'The High Sun': Review
Dir/scr. Dalibor Matanic. Croatia/Slovenia/Serbia. 2015. 123mins
Love fights a constant battle against centuries of deep-rooted ethnic hatred in The High Sun (Zvizdan), an expertly crafted drama that has its own struggle with diminishing audience engagement across three stories set over three decades in two neighbouring Balkan villages, one Croatian and one Serbian.
There is a glimmer of hope at the end of this long, languid production but the fact that the first story is easily the most arresting and tightly constructed leaves the remainder of the film struggling in its wake. The subject matter and slow-burning approach will inevitably see The High Sun labelled as a hard sell, suggesting a brighter future in festival appearances than extensive theatrical interest.
Setting each of the stories on glorious summer days provides a ready visual contrast to the dark undercurrents of intolerance.

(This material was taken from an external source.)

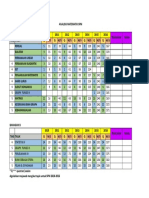 Analisis Matematik SPM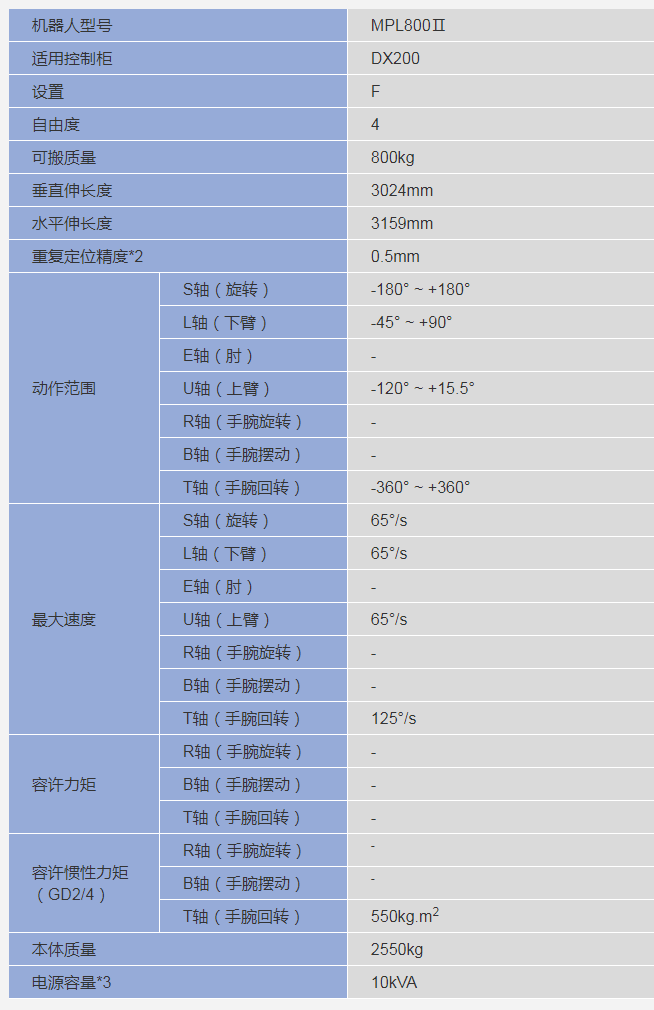 MPL800Ⅱ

Impossible love is the binding theme across three stories which take place every decade from 1991 to 2011. All star the same two actors as romantic leads and also feature recurring visual motifs, from a distant, watchful dog, to underwater swims.
In 1991, Jelena (Tihana Lazovic) and Ivan (Goran Markovic) spend a sunny, carefree afternoon at the edge of a lake before preparing to leave their respective villages the next day. A new life in the city beckons but gun wielding hoodlums are erecting roadblocks around the area and looking for any excuse to fire the first shot.

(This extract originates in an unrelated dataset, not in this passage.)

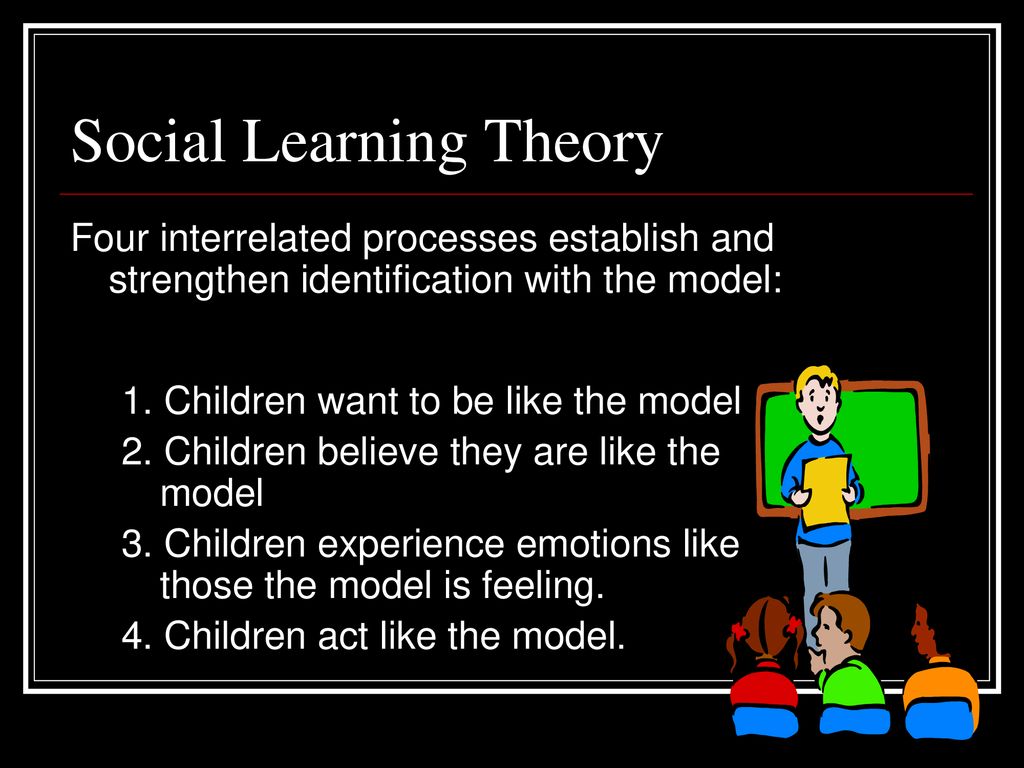 Theories of learning. - ppt download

In 2001, Natasha (Lazovic) and her mother (Nives Ivanovic) return to a village home that is little more than a ruin. Croatian handyman Ante (Markovic) is hired to start the renovations but Natasha can barely stand to be in his presence. Each of them has a reason to resent the other in a land where memories are long and wounded pride is never allowed to heal.
Finally, in 2011, Luka (Markovic) returns to the village for a summer rave, visiting his parents and the woman he once abandoned although Marija (Lazovic) shows little happiness at his return.
Setting each of the stories on glorious summer days provides a ready visual contrast to the dark undercurrents of intolerance. The widescreen cinematography from Marko Brdar captures a feel for a beautiful landscape scarred only by the prejudices and follies of its human occupants.
The second and third stories are more ponderously paced and predictable than their predecessor with Matanic and Brdar indulging in lengthy rave scenes in the 2011 sequence and lingering over the growing tension between Natasha and Ante in 2001. Some further editing could tighten both narratives.
Goran Markovic is particularly effective as the desperate, lovelorn Ivan in 1991 but Tihana Lazovic makes a strong impression with each of her three characters; recklessly committed to love as Jelena, steely and unforgiving as Natasha and weary and wary as Marija. The film’s entire emotional arc is neatly encapsulated in her three distinctive performances.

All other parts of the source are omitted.